Q3 Medicine Pub Date : 2022-03-01
Masoud Nashibi, Zahid Husain Khan, Kamran Mottaghi

Background: Difficult Intubation (DI) is a constant concern for anesthesiologists and being able to predict it will improve patient safety. Different tests have been presented in anesthesiology practice to increase the accuracy of the DI prediction. Since there is no single sensitive and specific test, most of the practitioners use a combination of them. Here we report a new and novel index of ratio of height to rhinion-mentum distance (RHRMD) to improve the prediction.

Materials and methods: Four hundred adult patients' candidate for elective surgery were enrolled into the study. Initially, patients' data such as weight, height and rhinion-mentum distance (RMD) were recorded by the first anesthesiologist. After anesthesia induction, the second anesthesiologist performed laryngoscopy and recorded the Cormack-Lehane (CL) score. CL score III or higher was considered as DI. Finally, sensitivity, specificity, positive predictive value (PPV) and negative predictive value (NPV) for RHRMD was calculated.

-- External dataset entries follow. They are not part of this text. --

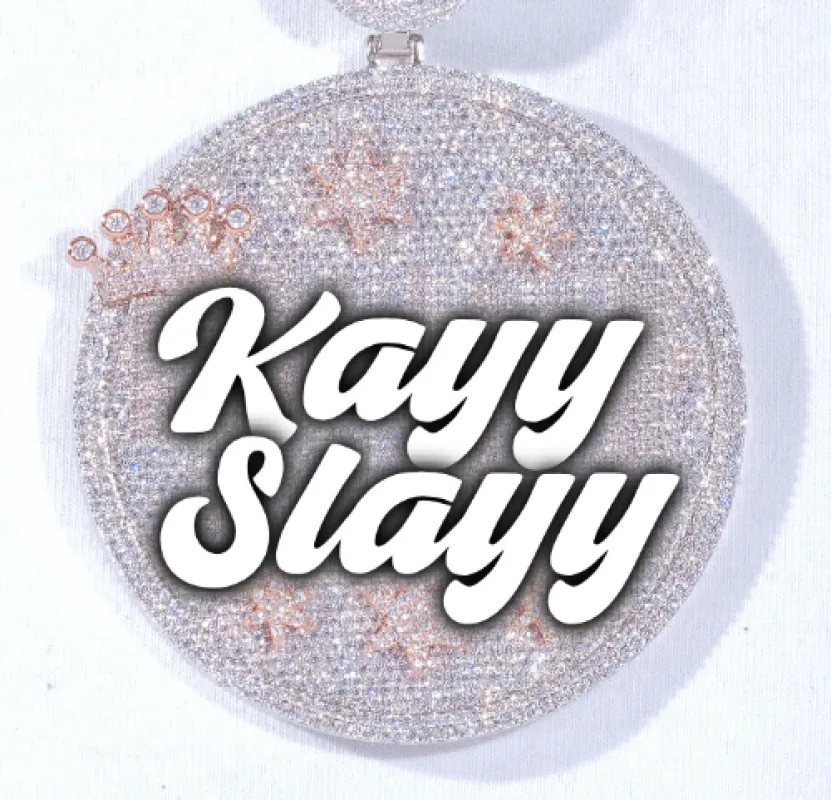 CUSTOM LETTER NECKLACE 3D BIG CROWN DISC sold by The GUU Shop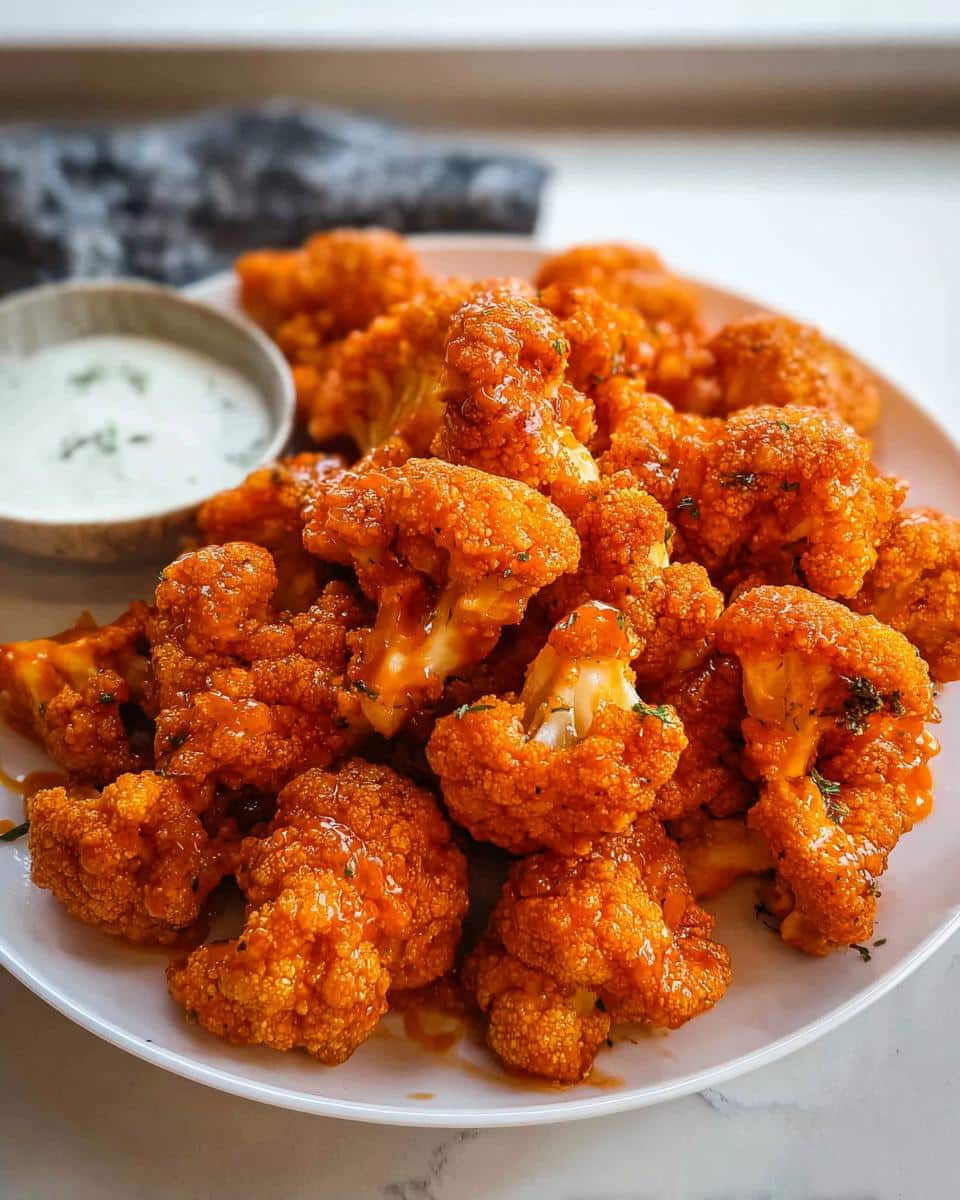 A close-up of crispy, bright orange Gluten Free Buffalo Cauliflower florets piled on a white plate with a side of ranch dip.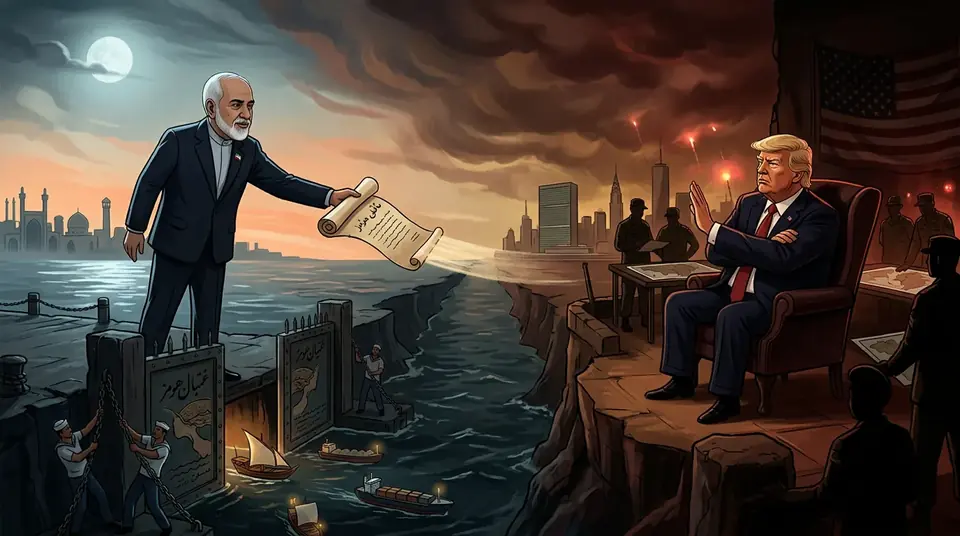 Animated editorial illustration for: Iran awaits official US response after Trump reportedly rejects ceasefire plan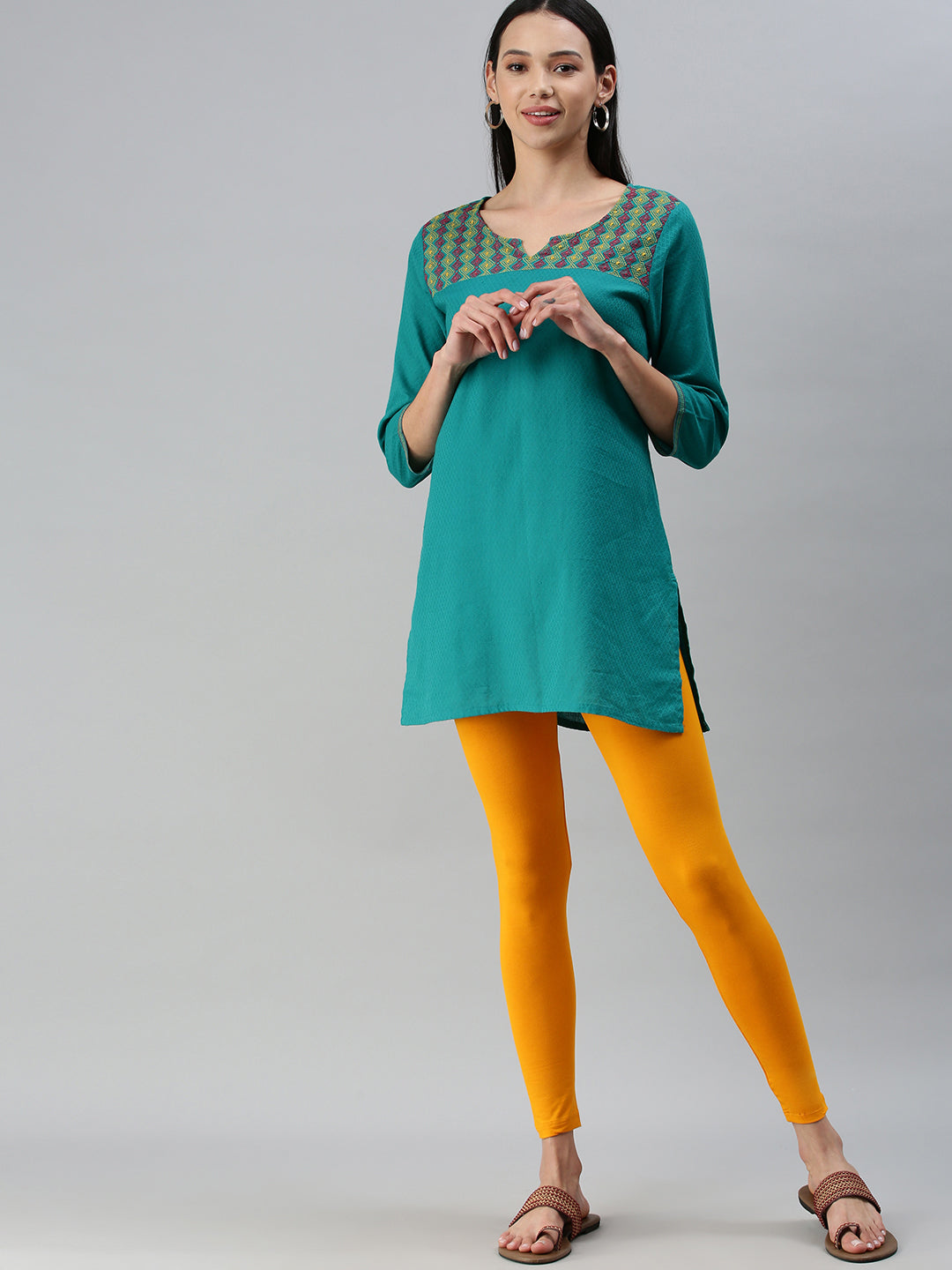 De Moza Ladies Ankle Length Leggings Solid Viscose Dark Yellow - De Moza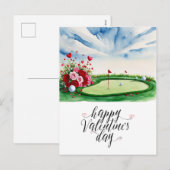 Romantischer Golfplatz mit Rose - Aquarell Feiertagspostkarte (Vorne/Hinten)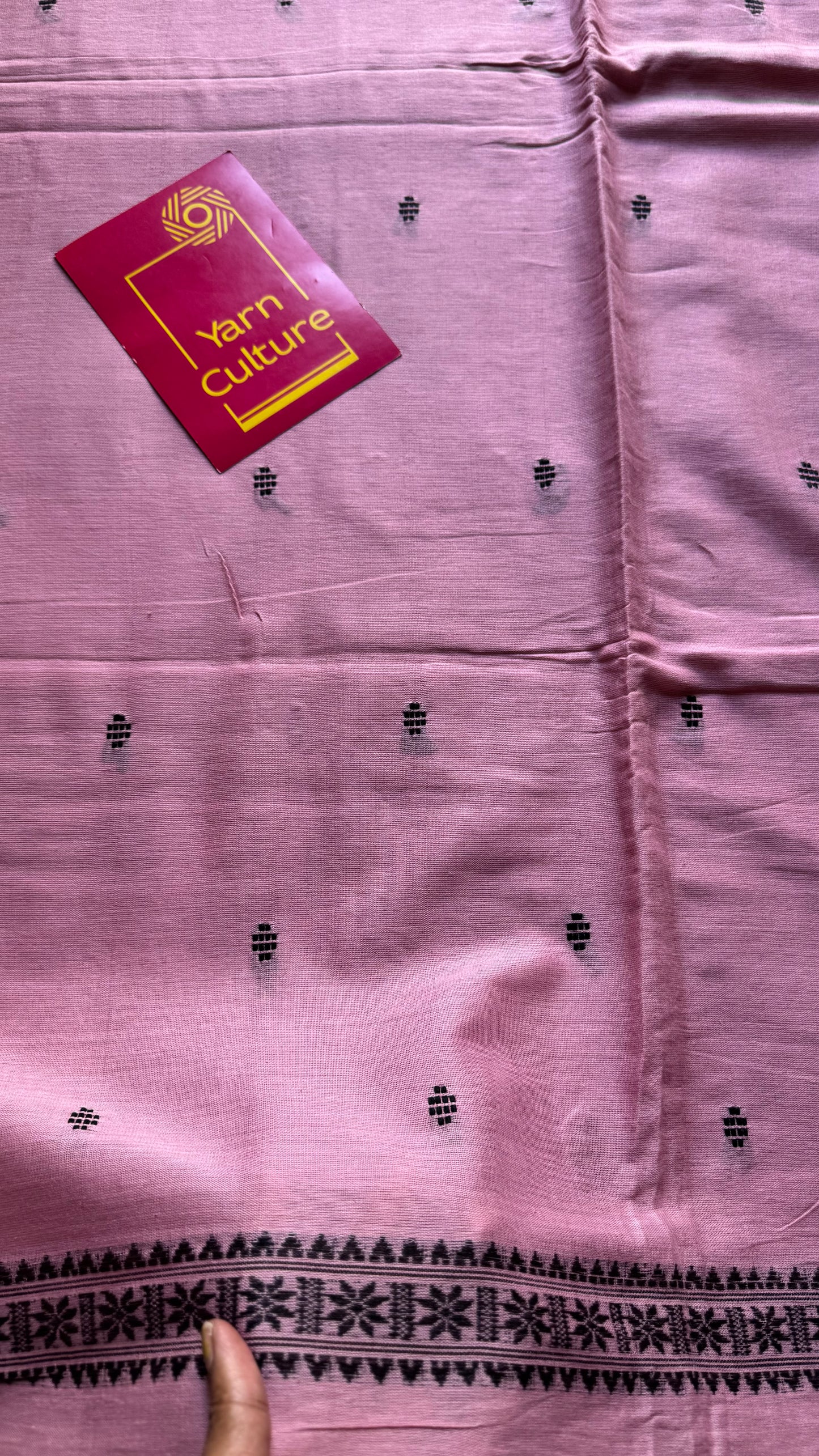 Dhonekhali handloom soft cotton saree, powder pink with black woven buttas and border - YCBCDFE249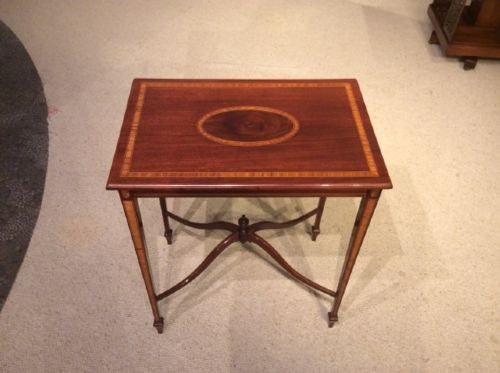A Mahogany Inlaid Edwardian Period Rectangular Antique Occasional Table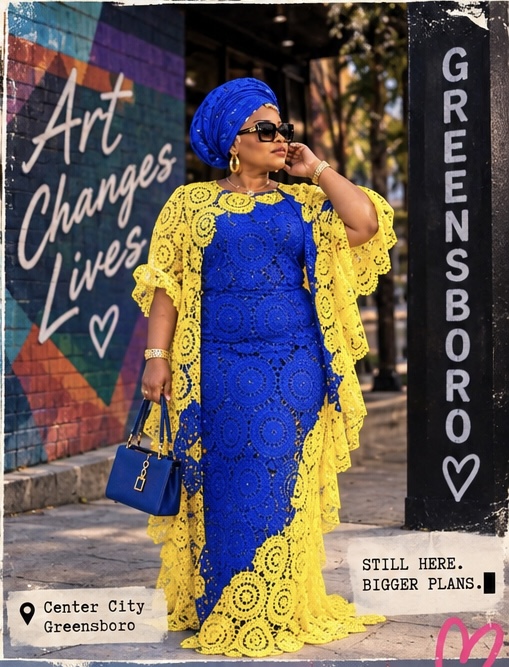 Stronger the Creator in blue and yellow beside the Art Changes Lives mural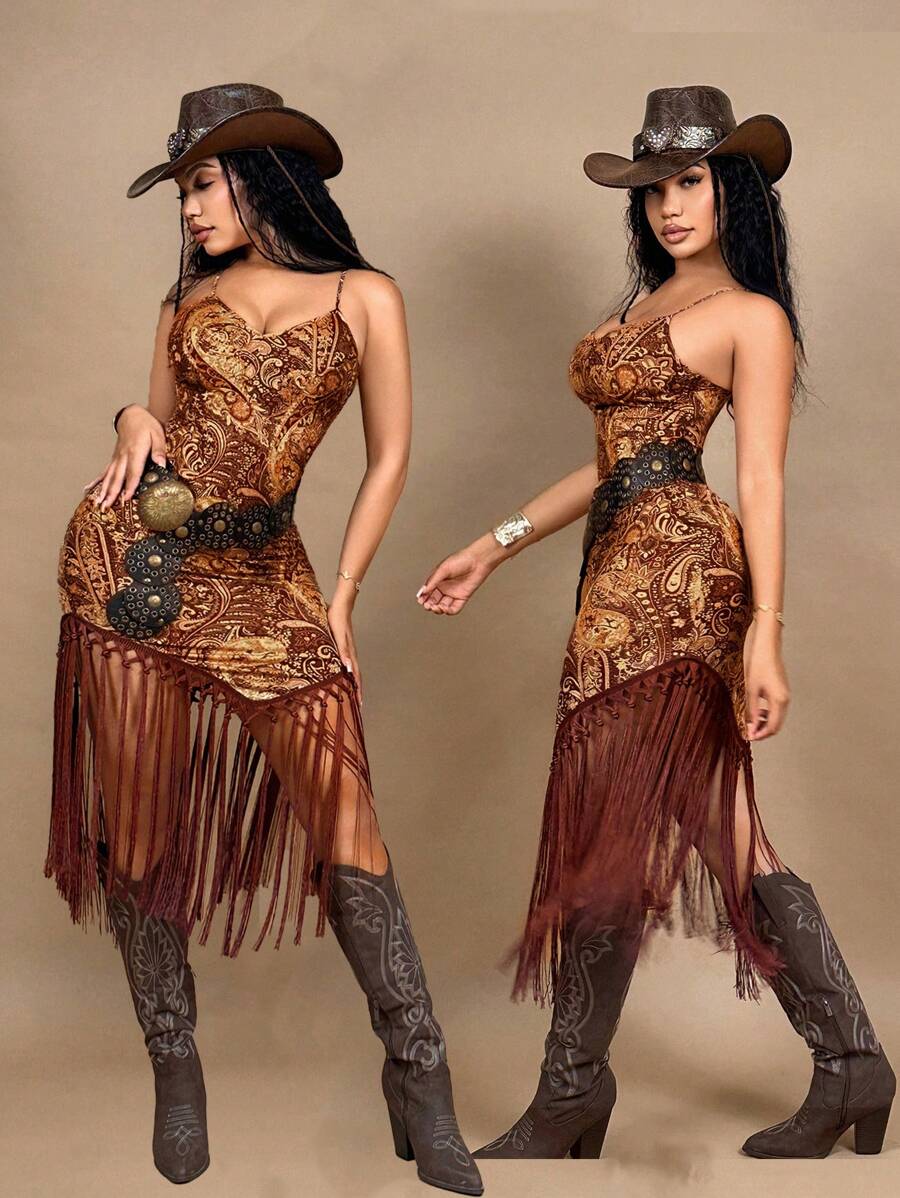 SHEIN SXY Vacation Music Festival Retro Printed Fringed Hem Backless Cami Mid-Length Dress, Women Summer Dresses,Western Wear Women,Boho,Concert Outfit Women,Rave, Festival,Grunge,Cottagecore,Rodeo Outfit,Nashville Outfits - Multicolor - View 1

Results: DI was reported in 7.75% of patients. RHRMD is related with CL grade: as the former increased, the latter decreased. RHRMD with cut-off point 25.4 has 90.6% sensitivity, 29.9% specificity, 10.1% PPV and 97.3% NPV in predicting DI.

Conclusion: RHRMD with 90.6% sensitivity and 97.3% NPV could be a valuable tool for prediction of DI.

背景:插管困难(DI)一直是麻醉师关注的问题,能够预测它将提高患者的安全性。麻醉学实践中提出了不同的测试来提高DI预测的准确性。由于没有单一的敏感和特定的测试,大多数从业者使用他们的组合。本文报道了一种新的高度与鼻动量距离之比(RHRMD)指标,以改进预测。材料与方法:选取400例拟择期手术的成年患者作为研究对象。最初,患者的体重、身高、鼻颏距(RMD)等数据由第一位麻醉师记录。麻醉诱导后,第二麻醉师行喉镜检查并记录Cormack-Lehane (CL)评分。CL评分III及以上为DI。最后计算RHRMD的敏感性、特异性、阳性预测值(PPV)和阴性预测值(NPV)。结果:7.75%的患者报告了DI。RHRMD与CL分级相关,前者升高,后者降低。截断点为25.4的RHRMD预测DI的敏感性为90.6%,特异性为29.9%,PPV为10.1%,NPV为97.3%。结论:RHRMD的灵敏度为90.6%,NPV为97.3%,可作为预测DI的有效工具。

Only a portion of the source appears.